Malu Dreyer tritt zurück: So begründet die Ministerpräsidentin ihre Entscheidung | ABC-Z
„Ich muss mir eingestehen, dass meine Kraft nicht mehr ausreicht“, sagt Dreyer
Seit elf Jahren ist Malu Dreyer Ministerpräsidentin von Rheinland-Pfalz und gehört damit aktuell zu den am längsten regierenden Länderchefs in Deutschland. Nun will die 63-jährige Sozialdemokratin ihr Amt aufzugeben. Auch ein Nachfolger steht schon fest.
Die rheinland-pfälzische Ministerpräsidentin Malu Dreyer (SPD) hat ihren Rücktritt angekündigt.
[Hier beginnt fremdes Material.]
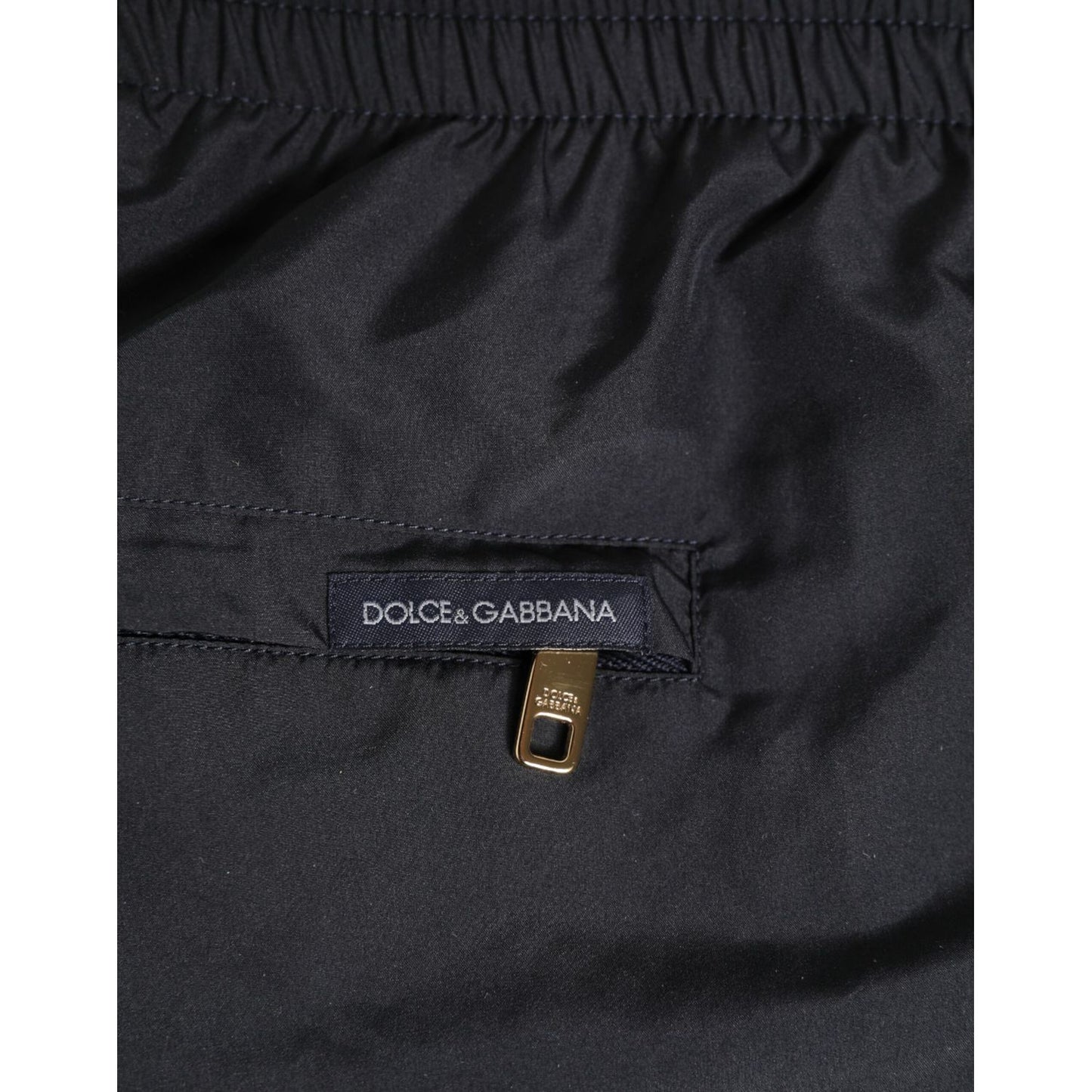 Close-up of Dolce & Gabbana Black Nylon Side Logo Tape Shorts Swimwear with zipper detailing.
Nachfolger wird Sozialminister Alexander Schweitzer (SPD).
Sie habe feststellen müssen, dass ihre Kraft endlich ist und dass sie nicht mehr über die Energie verfüge wie in früheren Jahren, sagte Dreyer am Mittwoch auf einer Pressekonferenz. „Im normalen Leben würde man sagen: Meine Akkus laden sich nicht mehr so schnell auf“, erklärte die SPD-Politikerin. Die vergangenen Wochen mit Wahlkampf hätten ihr gezeigt, „dass ich einfach an die Grenzen komme“. Sie müsse sich eingestehen, dass ihre Kraft nicht mehr ausreiche.
Sie habe aber nicht ihre eigenen Ansprüche an die Amtsführung zurückschrauben wollen. Deshalb habe sie in den vergangenen die Entscheidung getroffen, ihr Amt abzugeben. Die SPD-Fraktion habe sich einstimmig hinter Schweitzer als Nachfolger gestellt.
Dreyer wählt damit den gleichen Weg der Amtsübergabe wie ihr Vorgänger Kurt Beck (ebenfalls SPD). Dieser hatte im September 2012 überraschend seinen Rückzug angekündigt, im Januar war Malu Dreyer als Nachfolgerin gewählt worden. Beck, der seinerzeit wegen der Nürburgringpleite angeschlagen war, begründete seinen Schritt mit gesundheitlichen Problemen. Dreyer will ebenso wie seinerzeit Beck einem Nachfolger Zeit geben, sich vor der nächsten Wahl im Amt des Regierungschefs bekannt zu machen und zu profilieren.
Schweitzer gilt schon länger als Hoffnungsträger der Partei. Der 50-jährige Südpfälzer war sieben Jahre lang Fraktionschef der SPD im Landtag, seit 2021 ist er Arbeits- und Digitalminister in Dreyers Kabinett.
Enttäuschung über jüngste Wahlergebnisse
Dreyer, die mit Vornamen eigentlich Marie-Luise heißt, gilt als sehr populär, mehrfach bewies sie in ihrer politischen Laufbahn Durchsetzungsvermögen. Derzeit sind nur der baden-württembergische Ministerpräsident Winfried Kretschmann (Grüne) und Reiner Haseloff (CDU) in Sachsen-Anhalt länger im Amt. 2016 gewann sie die Landtagswahl nach einem fulminanten Endspurt gegen CDU-Herausforderin Julia Klöckner. Zuletzt wurde sie im Mai 2021 wiedergewählt. Sie regiert zusammen mit den Grünen und der FDP.
Es war schon länger über ihren möglichen Rückzug spekuliert worden – oder das Gegenteil, nämlich die Verkündung einer erneuten Kandidatur bei der nächsten Landtagswahl 2026. Zunächst sollten aber die Ergebnisse der zeitgleich stattfindenden EU- und Kommunalwahl abgewartet werden. Bei beiden hat die Landes-SPD schlecht abgeschnitten. In Brüssel und Straßburg kann mit Spitzenkandidatin Katarina Barley, die aus Trier kommt, nur noch ein einziges SPD-Mandat besetzt werden, das zweite ging verloren. Auch bei den Kommunalwahlen fuhr die Partei Verluste ein und landete weit hinter der CDU.
Dreyer hatte sich enttäuscht über das Ergebnis gezeigt – und über die Tatsache, dass viele SPD-Wähler zur AfD abgewandert sind, die bei beiden Wahlen knapp fünf Prozent zulegte. Darauf müsse ihre Partei reagieren, sagte sie.
Seit 2004 lebt Dreyer mit ihrem Mann, dem früheren Oberbürgermeister Klaus Jensen, in einem Wohnprojekt in Trier. Zur Politik war die gebürtige Pfälzerin, die offen mit ihrer Multiple-Sklerose-Erkrankung umgeht, Mitte der 1990er-Jahre über die kommunale Ebene gekommen.